Em Portugal, assim como em muitos outros lugares, há uma tradição de presentear os árbitros com produtos típicos. O ex-árbitro Jorge Coroado relata divertidas histórias em seu livro, Cartão Vermelho, sobre esses presentes. Em Gondomar, região de renomados ourives, o clube local costumava presentear com pequenos mimos dourados. Em meados dos anos 80, passaram a dar aos árbitros pequenos apitos de ouro, de 0,8 gramas. Em 2004, o apito passou a ser o símbolo de um caso de corrupção que se descobriu inicialmente no Gondomar Sport Clube. Escutas telefônicas demonstraram posteriormente um escândalo ainda maior, que envolvia duas das cinco equipes que já se sagraram campeãs da elite portuguesa: o gigante Porto e o surpreendente Boavista, na figura de seus presidentes Pinto da Costa e João Loureiro, e do presidente da Liga e dirigente do Boavista, Valentim Loureiro, um dos primeiros a serem presos.
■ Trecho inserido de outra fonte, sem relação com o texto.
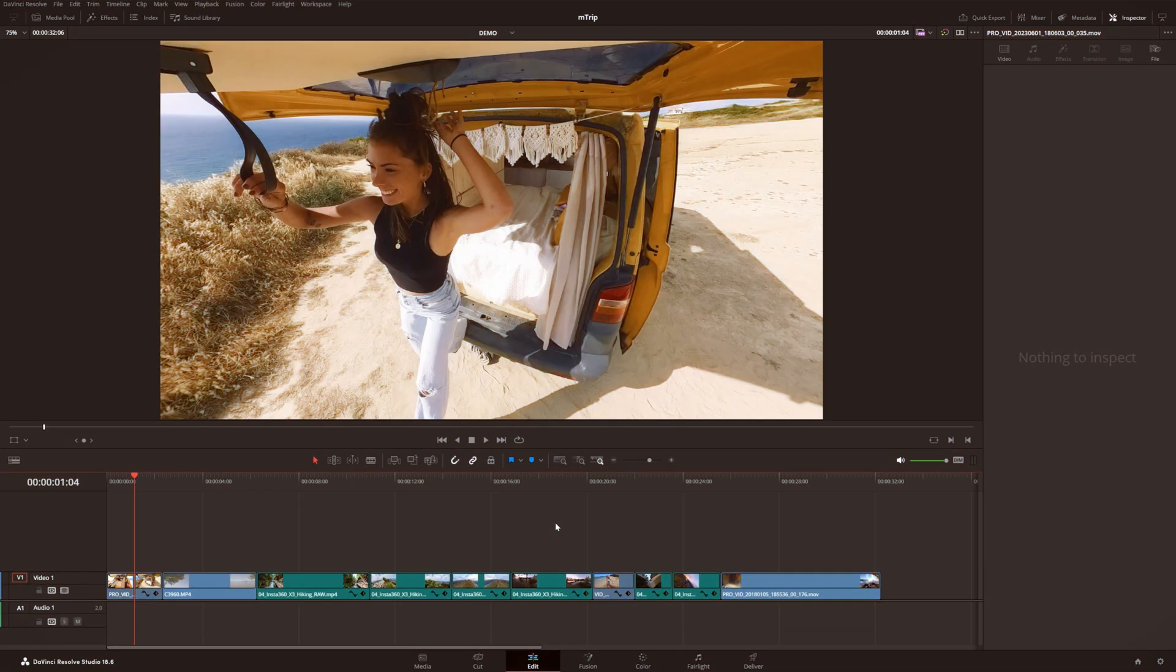Hello, welcome to MTRIP for DaVinci Resolve. This is an all-in-one pack filled with titles, transitions, effects, overlays, everything you need to make your travel vlogs look extra professional and enjoyable to watch for your audience. So let's go ahead and jump into Resolve and take a look.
Para se ter ideia do tamanho do caso, o jornal Correio da Manhã, publicou no dia 2 de setembro de 2005, uma lista com 171 acusados de envolvimento, entre dirigentes de clubes, da Liga, da Federação Portuguesa e árbitros. Um dos agrados direcionados à arbitragem era o que os dirigentes chamavam de "frutas" nas gravações. O código se referia à garotas de programa, contratadas especialmente para alcançar os objetivos escusos dos dirigentes.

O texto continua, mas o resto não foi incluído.